▶ [What you will do]
Quote the records beneath, complete and exact. Leave out images.

BEGIN Exercise materials

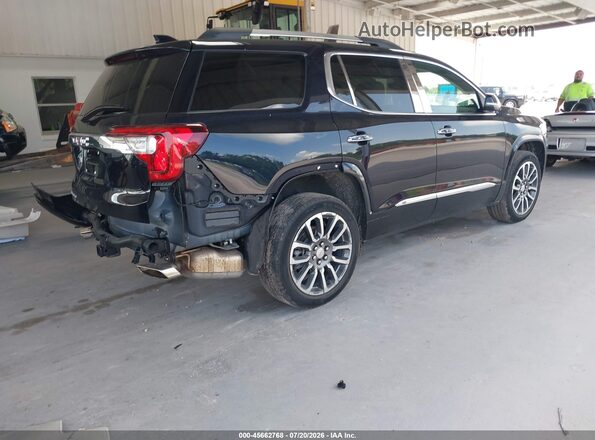 1GKKNPLS2NZ134127 2022 GMC ACADIA Синий Задняя правая четверть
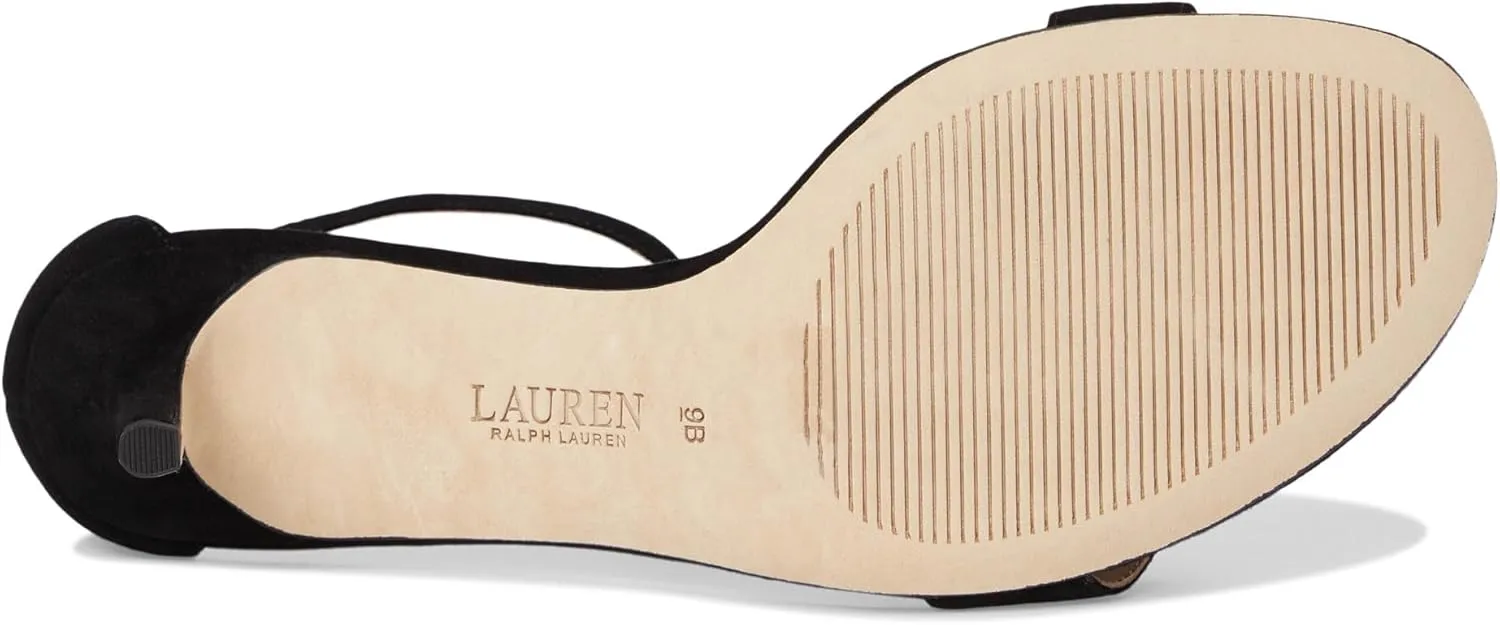 Lauren Ralph Lauren Women's Allie Mid-Heel Suede Sandals Heeled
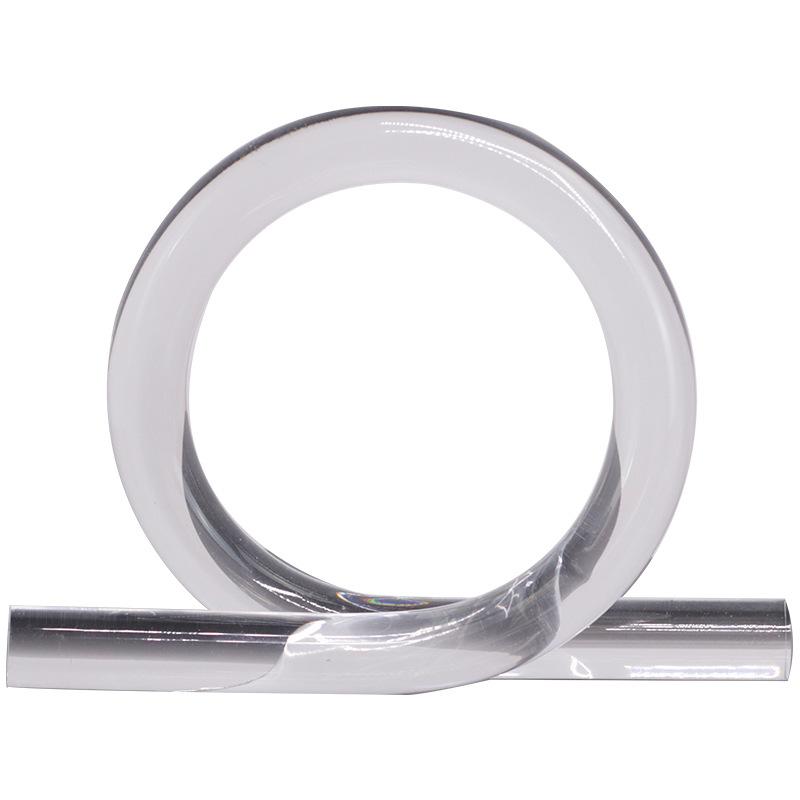 Прозрачные Акриловые Поделки Геометрические Узлы из Шпагата Украшения Полые Спирали Декоративные Фигурки Аксессуары для Домашнего Декора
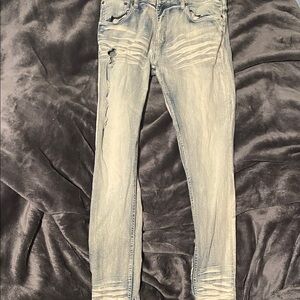 Men's Light Blue Slim Straight Jeans
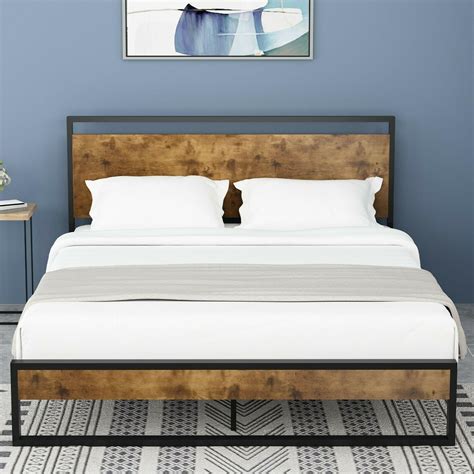 Queen Full Twin Platform Metal Bed Frame With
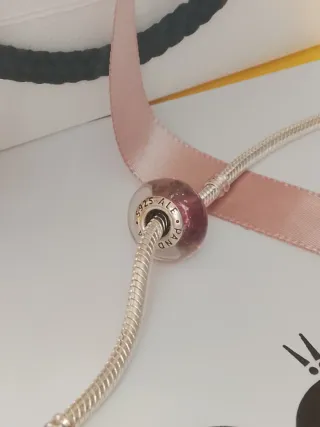 Charm Pandora Rosa Trasparente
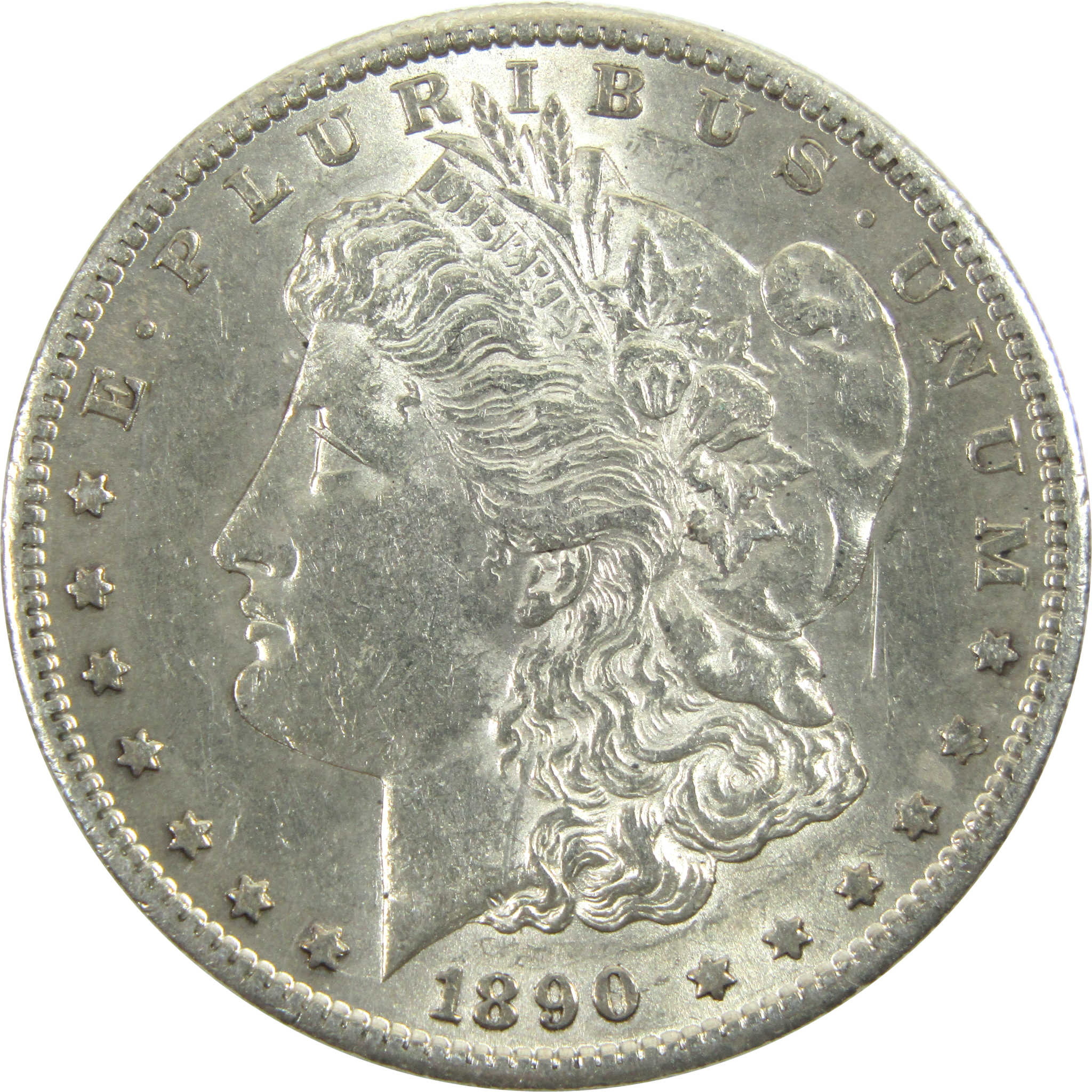 1890 S Morgan Dollar Choice About Uncirculated Silver SKU:CPC7918 - Morgan coin - Morgan silver dollar - Morgan silver dollar for sale - Profile Coins &amp; Collectibles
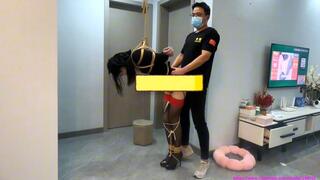 When Ol got home, what was waiting for her was a rope and the thief's cock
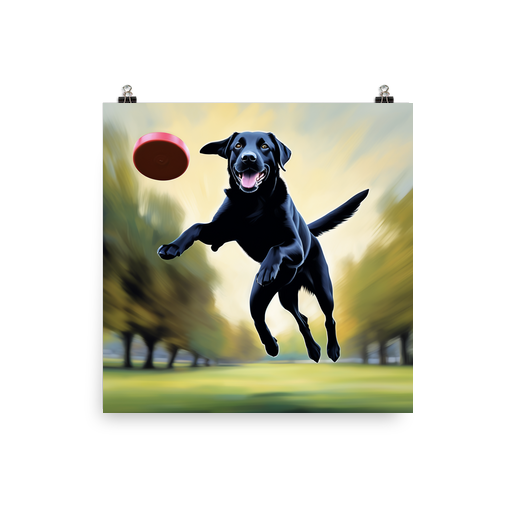 PugMug Custom Black Labrador Retriever Poster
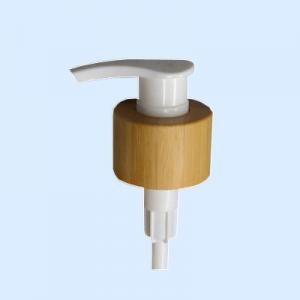 Bamboo lotion pump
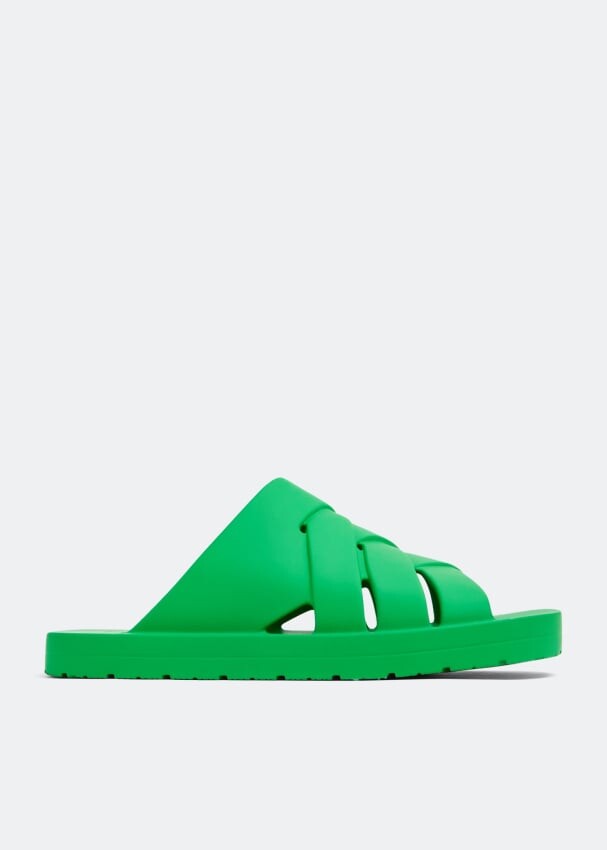 

Сандалии BOTTEGA VENETA Plat slide sandals, зеленый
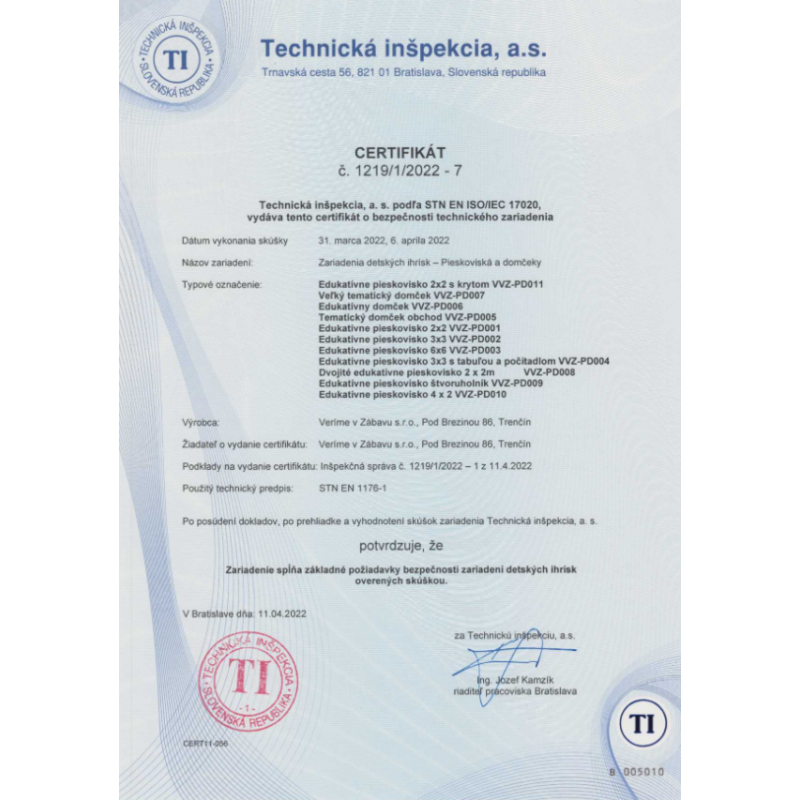 Dvojité pískoviště s kreslící tabulí a počítadlem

END Exercise materials

▶ [Written answer]
 1GKKNPLS2NZ134127 2022 GMC ACADIA Синий Задняя правая четверть
 Lauren Ralph Lauren Women's Allie Mid-Heel Suede Sandals Heeled
 Прозрачные Акриловые Поделки Геометрические Узлы из Шпагата Украшения Полые Спирали Декоративные Фигурки Аксессуары для Домашнего Декора
 Men's Light Blue Slim Straight Jeans
 Queen Full Twin Platform Metal Bed Frame With
 Charm Pandora Rosa Trasparente
 1890 S Morgan Dollar Choice About Uncirculated Silver SKU:CPC7918 - Morgan coin - Morgan silver dollar - Morgan silver dollar for sale - Profile Coins &amp; Collectibles
 When Ol got home, what was waiting for her was a rope and the thief's cock
 PugMug Custom Black Labrador Retriever Poster
 Bamboo lotion pump

Сандалии BOTTEGA VENETA Plat slide sandals, зеленый
 Dvojité pískoviště s kreslící tabulí a počítadlem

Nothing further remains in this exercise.